2nd ID’s 2nd Brigade Combat Team (Strike Force) recently deployed from South Korea to Ramadi, Iraq, while 3rd Brigade (Stryker Brigade), based at Fort Lewis, Wash., has been serving in and around Mosul since late last year.
The Iraq display, which will be in the museum’s “changing gallery,” will include a terrain model illustrating part of the 2nd ID units’ area of operations in Iraq, possibly Ramadi, said 2nd ID Museum technician Incha Koslosky.
Also on display will be a video with photographs from Iraq taken by Stars and Stripes set to music by the 2nd ID band, she said.
The Iraq display was proposed by the recently departed 2nd ID commander, Lt. Gen. John R. Wood, Koslosky said.
“The CG (commanding general) wanted to have the Iraq display for the deploying soldiers so they would know (about where they are headed),” she said.
The Korean War display will feature several objects recovered from the battlefield at Chipyong-ni, where the division won its greatest victory in February 1951. During the battle, 5,000 men from the 23rd Infantry Regimental Combat Team held out against six Chinese divisions of more than 60,000 men, Bryant said.
The victory was the first for United Nations forces since the Chinese entered the war, he said. Historians say it was enough to persuade Gen. Douglas MacArthur not to use 52 atomic bombs he had stockpiled on Guam to stem the Chinese advance.
Objects in the display will include a fur-lined Chinese winter hat, a Chinese bugle and a medal of honor won by one of the 2nd ID soldiers during the battle.

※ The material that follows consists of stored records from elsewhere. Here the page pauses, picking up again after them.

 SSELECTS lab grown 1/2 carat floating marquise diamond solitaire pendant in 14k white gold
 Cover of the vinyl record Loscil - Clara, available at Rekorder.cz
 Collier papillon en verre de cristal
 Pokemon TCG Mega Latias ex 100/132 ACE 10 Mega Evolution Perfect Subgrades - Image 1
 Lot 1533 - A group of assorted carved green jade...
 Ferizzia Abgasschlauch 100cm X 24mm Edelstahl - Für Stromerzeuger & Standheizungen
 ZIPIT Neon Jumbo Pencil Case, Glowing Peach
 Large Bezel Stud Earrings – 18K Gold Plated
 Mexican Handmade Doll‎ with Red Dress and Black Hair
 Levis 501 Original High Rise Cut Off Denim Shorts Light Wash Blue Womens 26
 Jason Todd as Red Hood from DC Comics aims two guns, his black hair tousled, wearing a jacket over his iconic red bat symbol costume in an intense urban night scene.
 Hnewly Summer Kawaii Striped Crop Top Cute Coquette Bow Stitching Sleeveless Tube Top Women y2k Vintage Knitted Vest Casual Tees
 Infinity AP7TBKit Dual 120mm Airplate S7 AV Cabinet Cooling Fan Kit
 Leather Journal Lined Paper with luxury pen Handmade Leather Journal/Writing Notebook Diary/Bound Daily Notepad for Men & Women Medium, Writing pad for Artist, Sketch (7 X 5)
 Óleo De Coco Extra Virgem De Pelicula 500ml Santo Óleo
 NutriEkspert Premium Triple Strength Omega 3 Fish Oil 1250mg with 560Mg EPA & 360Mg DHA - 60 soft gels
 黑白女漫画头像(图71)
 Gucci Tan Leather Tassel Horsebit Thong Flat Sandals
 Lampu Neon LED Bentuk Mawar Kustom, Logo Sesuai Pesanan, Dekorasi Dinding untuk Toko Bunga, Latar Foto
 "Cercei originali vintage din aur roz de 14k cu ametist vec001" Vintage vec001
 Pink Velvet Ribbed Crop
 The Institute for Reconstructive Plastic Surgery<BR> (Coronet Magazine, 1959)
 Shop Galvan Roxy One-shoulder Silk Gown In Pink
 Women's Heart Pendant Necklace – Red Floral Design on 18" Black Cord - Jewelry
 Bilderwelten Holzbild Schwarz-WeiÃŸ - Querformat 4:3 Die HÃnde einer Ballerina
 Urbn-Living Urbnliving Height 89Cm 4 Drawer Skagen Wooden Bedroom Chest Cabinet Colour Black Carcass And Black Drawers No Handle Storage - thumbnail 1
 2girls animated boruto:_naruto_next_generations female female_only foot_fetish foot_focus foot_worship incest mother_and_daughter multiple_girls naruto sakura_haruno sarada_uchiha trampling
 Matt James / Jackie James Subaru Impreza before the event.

Photographs of the battle will be on display, as well as a terrain model of the battle featuring hundreds of tiny soldiers and models of military equipment, Bryant said.
The Chipyong-ni display first was proposed in 2000 but the museum’s budget didn’t allow it until this year, Koslosky said. Each display will cost $30,000, to be funded with money left over from last year’s museum budget, she said.
“It is the biggest project the museum has done for a long time,” she said.